5. Study Limitations
Our study has several limitations, including the loss of students at the first follow-up point and the circumstances of recruitment. Despite randomization there were baseline differences between the two groups on the main outcome measure (alcohol use). Although we controlled for these differences, we cannot exclude that there are additional unmeasured baseline differences that confound the effect, a fact that reduces internal validity of the study. Further, alcohol use was only assessed by self-report. The consensus in the research community that self-reported alcohol consumption was valid derives mainly from conclusions drawn from studies undertaken in treatment contexts . It is not clear whether influences on the validity of self-report may be different in South Africa. Bias in alcohol consumption may have resulted from self-reported outcome measures. Future studies should consider to assess alcohol consumption by both self-report and objective measures, such as blood alcohol level. Finally, the study included volunteering students from only one specific public university and given the variability in drinking across educational settings, our results may not be generalizable to all other student populations in South Africa.

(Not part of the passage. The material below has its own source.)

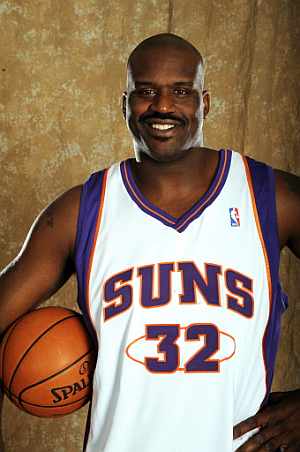 Shaquille O'Neal, con la camiseta de los Suns. (AFP)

The study provides evidence of effective brief intervention by assistant nurses with hazardous and harmful drinkers in a university setting in South Africa. The short duration of the brief intervention makes it a realistic candidate for use in a university setting. Our findings also extend previous studies by determining that the brief alcohol intervention did not vary in efficacy based on student sociodemographic variables nor on health variables including posttraumatic stress, thus highlighting the implications for wide use of this intervention in university settings. Further, this is one of the very few studies in which severity of alcohol use did not influence intervention efficacy. Coupled with this, this brief alcohol intervention seems also effective among higher alcohol use groups, which has implications for developing future efforts within university contexsts.
The study was funded by the Directorate General for Development Cooperation (DGDC) through the Flemish Interuniversity council (VLIR-UOS).
Conflict of Interest
The authors declare no conflict of interest.